Should the issue proceed to litigation, it will be intriguing to observe how the judiciary navigates the delicate balance between protection of the EPFO's potential liabilities and the rights of the employers.

Collaborative Incentivisation: Streamlining ESOPs to minimise financial burden

Employee Stock Option Plans (ESOPs) are a great way to incentivise employees while encouraging a culture of joint ownership between the employer and employees. ESOPs help in increasing productivity as well as ensuring that the employee’s career trajectory is linked directly to a company’s growth. These are excellent tools for attracting and retaining top talent for companies. However, given regulatory requirements in India, employees may view these plans as ineffective due to difficulties faced at the time of exercise.

The Companies Act, 2013 (CA2013) prohibits issuance of shares of the Company at a discount. Further, the rules under CA2013 require that the exercise price or the formula for arriving at the exercise price needs to be approved by the shareholders at the time of issuance of the Plan. The above implies that ESOPs can only be exercised by payment of exercise price, which cannot be below the face value of underlying shares. Thus, for an employee to own shares pursuant to ESOPs, such an employee must have sufficient liquidity to fund the corresponding exercise price. This could be significantly problematic for employees where the difference between the market price of shares and the exercise price is not substantial. 

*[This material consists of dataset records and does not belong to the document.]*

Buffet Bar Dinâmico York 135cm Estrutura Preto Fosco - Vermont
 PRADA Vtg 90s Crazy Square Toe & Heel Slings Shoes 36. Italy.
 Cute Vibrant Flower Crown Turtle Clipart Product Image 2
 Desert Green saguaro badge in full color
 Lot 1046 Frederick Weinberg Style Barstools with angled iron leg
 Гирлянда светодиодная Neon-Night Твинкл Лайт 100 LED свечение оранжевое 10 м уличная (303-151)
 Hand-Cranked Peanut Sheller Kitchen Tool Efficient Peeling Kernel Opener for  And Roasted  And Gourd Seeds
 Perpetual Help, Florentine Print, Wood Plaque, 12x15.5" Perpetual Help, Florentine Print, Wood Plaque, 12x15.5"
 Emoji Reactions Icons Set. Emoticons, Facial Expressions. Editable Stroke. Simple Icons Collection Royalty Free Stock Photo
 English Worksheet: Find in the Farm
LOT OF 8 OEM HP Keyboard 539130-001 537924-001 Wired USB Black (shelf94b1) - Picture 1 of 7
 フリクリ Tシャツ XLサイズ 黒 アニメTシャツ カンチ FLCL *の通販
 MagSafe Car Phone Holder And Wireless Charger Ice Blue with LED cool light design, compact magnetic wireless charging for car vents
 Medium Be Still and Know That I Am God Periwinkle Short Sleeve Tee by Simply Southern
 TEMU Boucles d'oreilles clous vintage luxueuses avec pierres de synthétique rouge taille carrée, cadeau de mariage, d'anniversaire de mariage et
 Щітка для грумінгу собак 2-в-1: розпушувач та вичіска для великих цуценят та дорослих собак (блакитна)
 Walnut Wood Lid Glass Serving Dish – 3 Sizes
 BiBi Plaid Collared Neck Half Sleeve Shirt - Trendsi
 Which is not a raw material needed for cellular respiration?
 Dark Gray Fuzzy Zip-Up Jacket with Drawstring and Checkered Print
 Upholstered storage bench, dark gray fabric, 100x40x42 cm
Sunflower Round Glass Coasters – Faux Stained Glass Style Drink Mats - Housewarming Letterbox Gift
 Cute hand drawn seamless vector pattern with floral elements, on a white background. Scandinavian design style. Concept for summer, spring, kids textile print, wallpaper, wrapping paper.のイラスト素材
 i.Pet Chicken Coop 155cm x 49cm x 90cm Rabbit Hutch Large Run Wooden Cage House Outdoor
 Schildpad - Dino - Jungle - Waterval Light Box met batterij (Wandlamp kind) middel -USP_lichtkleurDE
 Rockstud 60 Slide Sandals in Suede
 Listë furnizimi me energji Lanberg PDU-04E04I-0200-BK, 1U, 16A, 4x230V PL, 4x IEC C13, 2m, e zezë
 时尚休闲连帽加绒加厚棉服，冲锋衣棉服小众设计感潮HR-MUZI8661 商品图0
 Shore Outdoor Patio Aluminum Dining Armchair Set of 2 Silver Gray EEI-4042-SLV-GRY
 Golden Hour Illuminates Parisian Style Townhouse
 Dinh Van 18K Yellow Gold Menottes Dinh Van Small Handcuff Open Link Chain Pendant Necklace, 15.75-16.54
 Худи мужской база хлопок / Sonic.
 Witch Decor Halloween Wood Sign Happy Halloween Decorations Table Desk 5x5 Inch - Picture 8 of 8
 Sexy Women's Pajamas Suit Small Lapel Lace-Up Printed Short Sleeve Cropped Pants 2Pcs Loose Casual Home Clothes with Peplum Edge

Therefore, employers have begun exploring ESOP structures that are more beneficial for employees. While not covered explicitly, both the CA2013 and the SEBI Regulations contain provisions indicating the possibility of funding the exercise price for the employees. CA2013 allows a company to make provision for granting loan to the trust for purchase of shares held by it for the benefit of employees. Similarly, SEBI Regulations allow:

  • the trust to sell shares held by it in the secondary market to fund payment of exercise price by the employees, their tax and related obligations; and
  • the company or trust to fund or permit the empaneled stock brokers to make arrangements to fund the payment of exercise price by employees and related obligations, while further permitting that such amount can be adjusted against the sale proceeds of the shares of such employee.

Similar provisions were also part of the erstwhile SEBI Regulations and were reaffirmed by the SEBI in an informal guidance provided to a stockbroker company.

Above provisions give employers the necessary latitude to fund the exercise price for employees, and thus provide for cashless exercise of ESOPs. This process would essentially entail sale of adequate number of shares by the trust or an empaneled broker and the subsequent usage of the proceeds from such sale to cover the amount owed by the employee to exercise his/her ESOPs. This helps to reduce the ultimate outlay of cash from the employee’s hand and in aligning the plan with their financial appetite. For the employers, cashless exercise results in increased participation by employees in the company’s growth, fostering a more collaborative workforce.